(Items from a data source)
+ + + + + + +
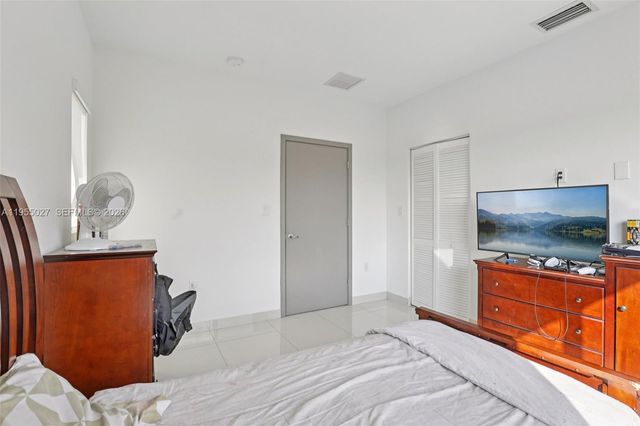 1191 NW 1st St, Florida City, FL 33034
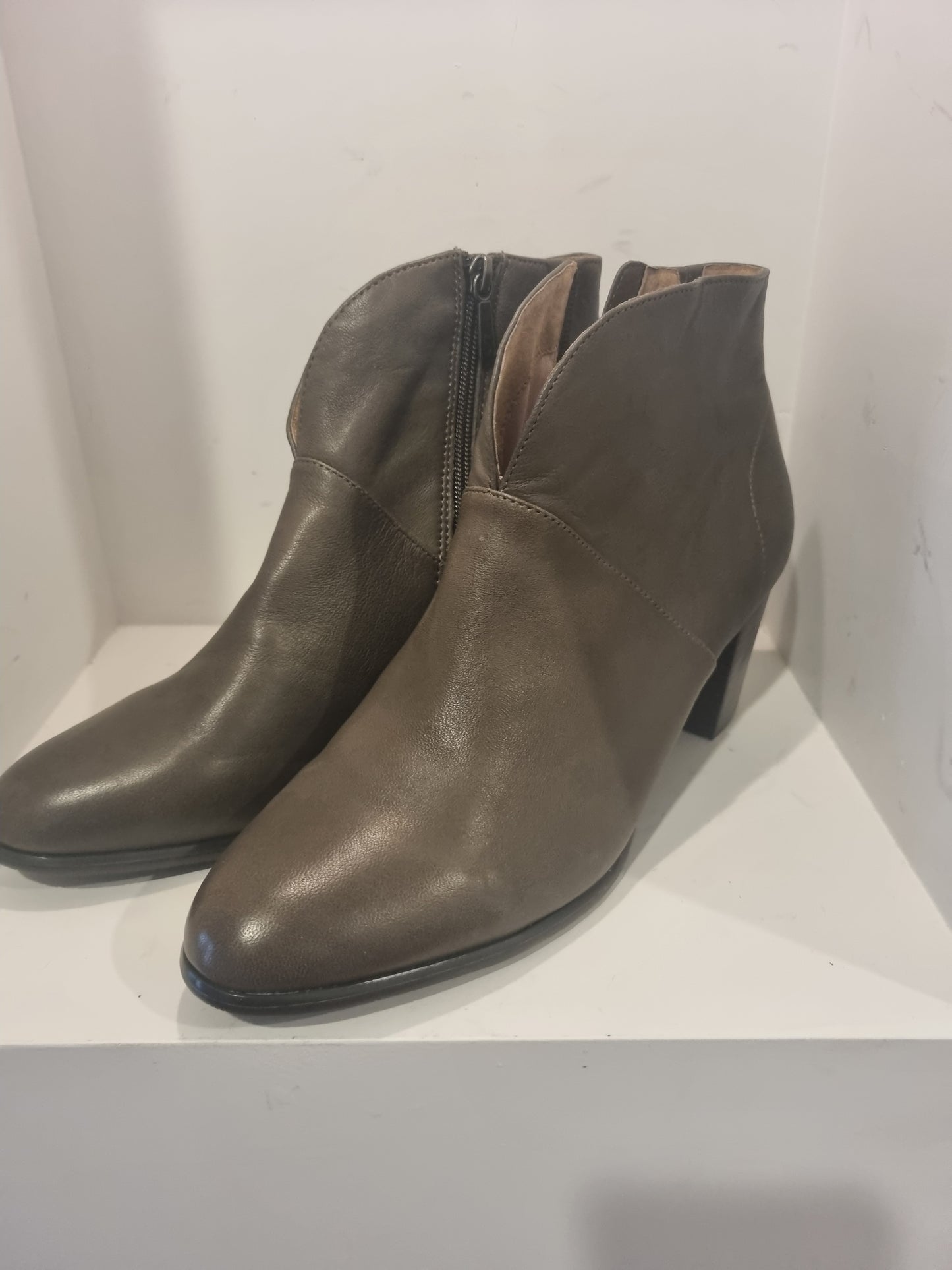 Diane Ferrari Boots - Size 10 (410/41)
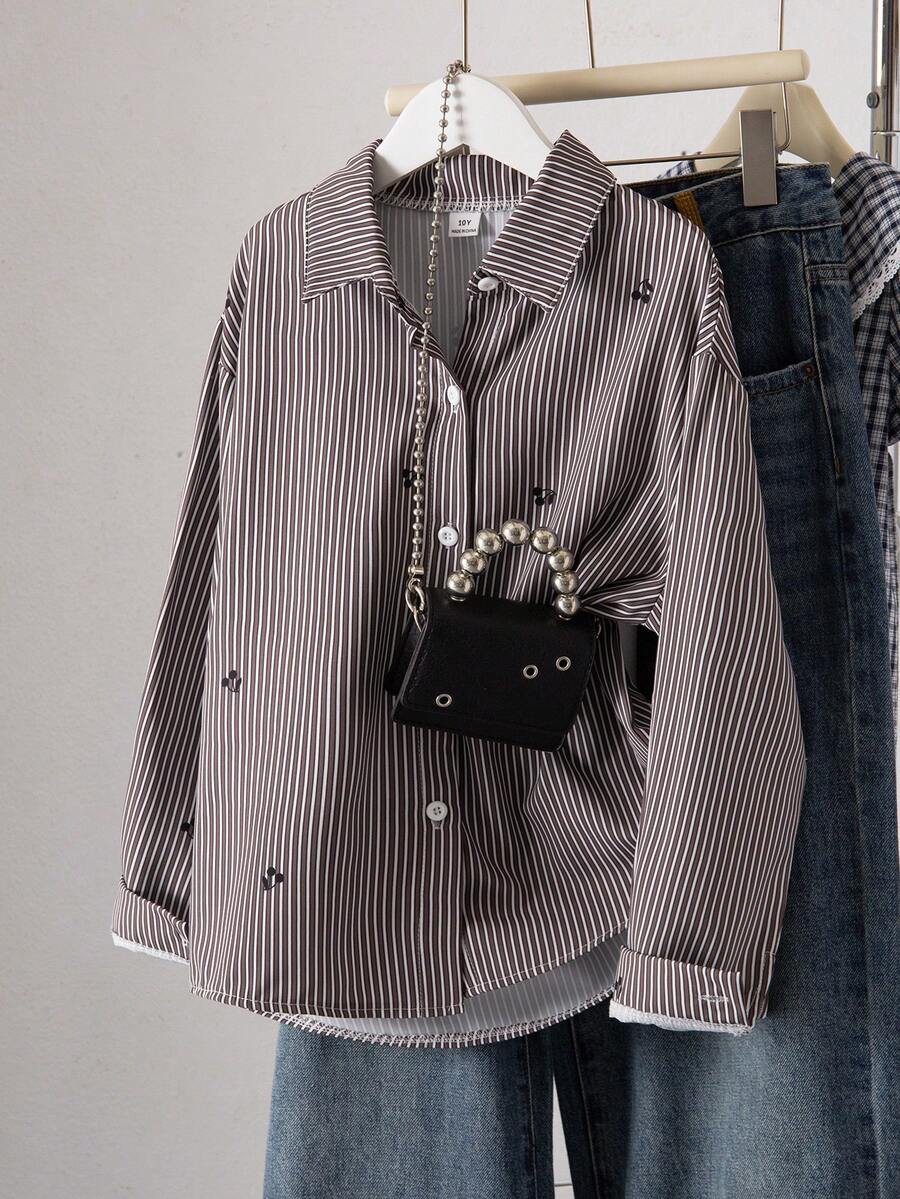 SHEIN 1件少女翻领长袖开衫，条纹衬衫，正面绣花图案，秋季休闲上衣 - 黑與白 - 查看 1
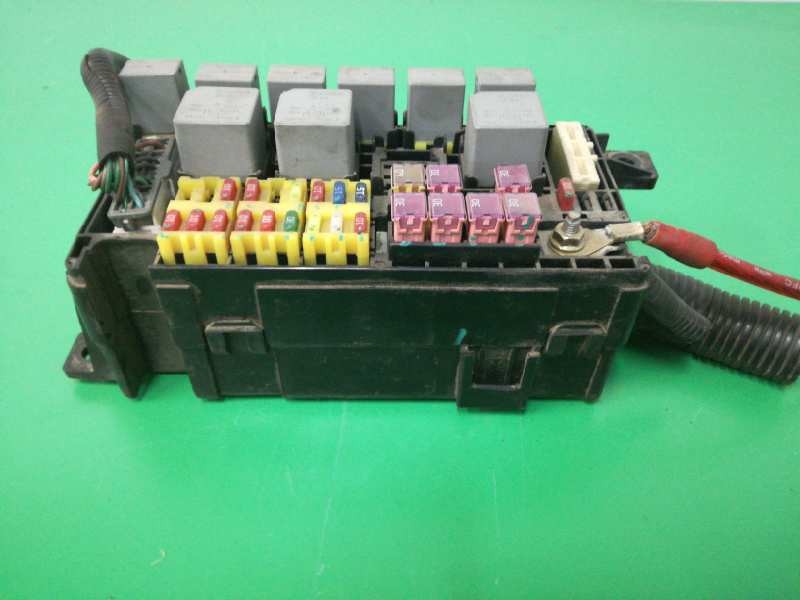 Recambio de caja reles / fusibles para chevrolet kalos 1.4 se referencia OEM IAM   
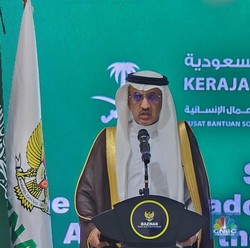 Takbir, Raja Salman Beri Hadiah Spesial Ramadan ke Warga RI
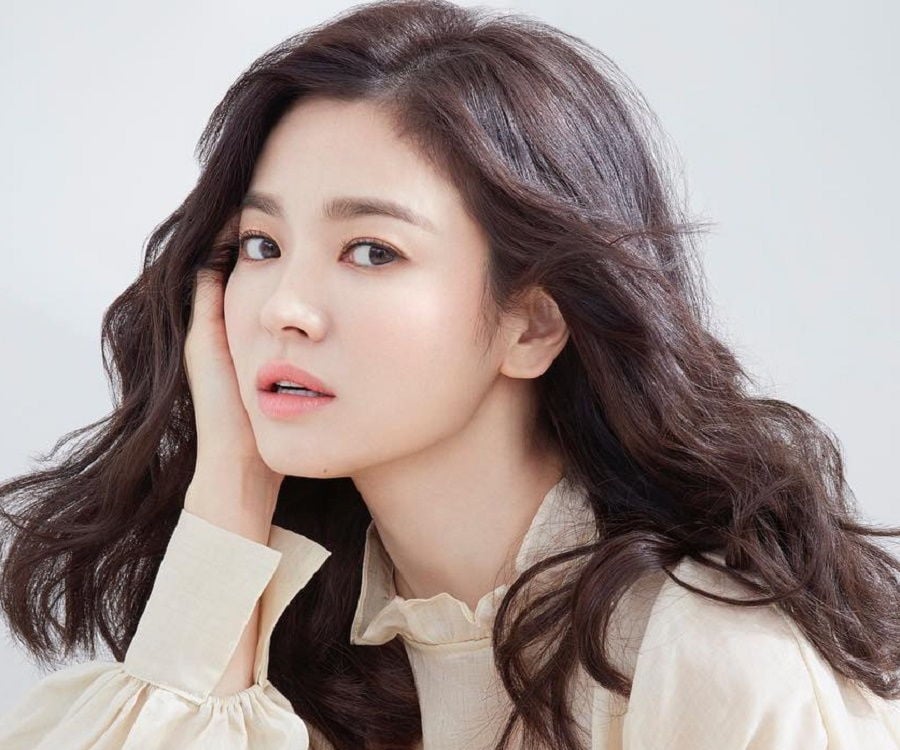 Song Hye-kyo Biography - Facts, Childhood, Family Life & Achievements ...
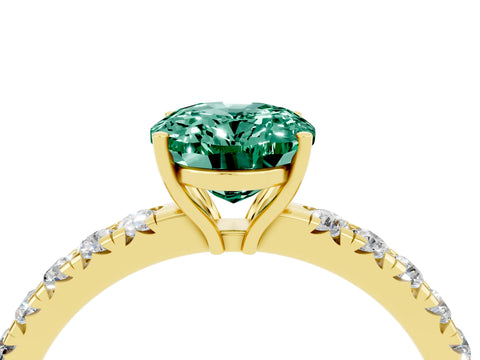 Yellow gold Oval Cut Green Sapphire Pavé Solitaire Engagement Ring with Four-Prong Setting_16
+ + + + + + +
§ **TASK ITEM**: Transcribe exactly, and only, the lines from the line with "Song Hye-kyo Biography" through the last line of the records, inclusive; the pictures do not belong in the copy.

§ **ANSWER FOR THIS EXERCISE**:
 Song Hye-kyo Biography - Facts, Childhood, Family Life & Achievements ...
 Yellow gold Oval Cut Green Sapphire Pavé Solitaire Engagement Ring with Four-Prong Setting_16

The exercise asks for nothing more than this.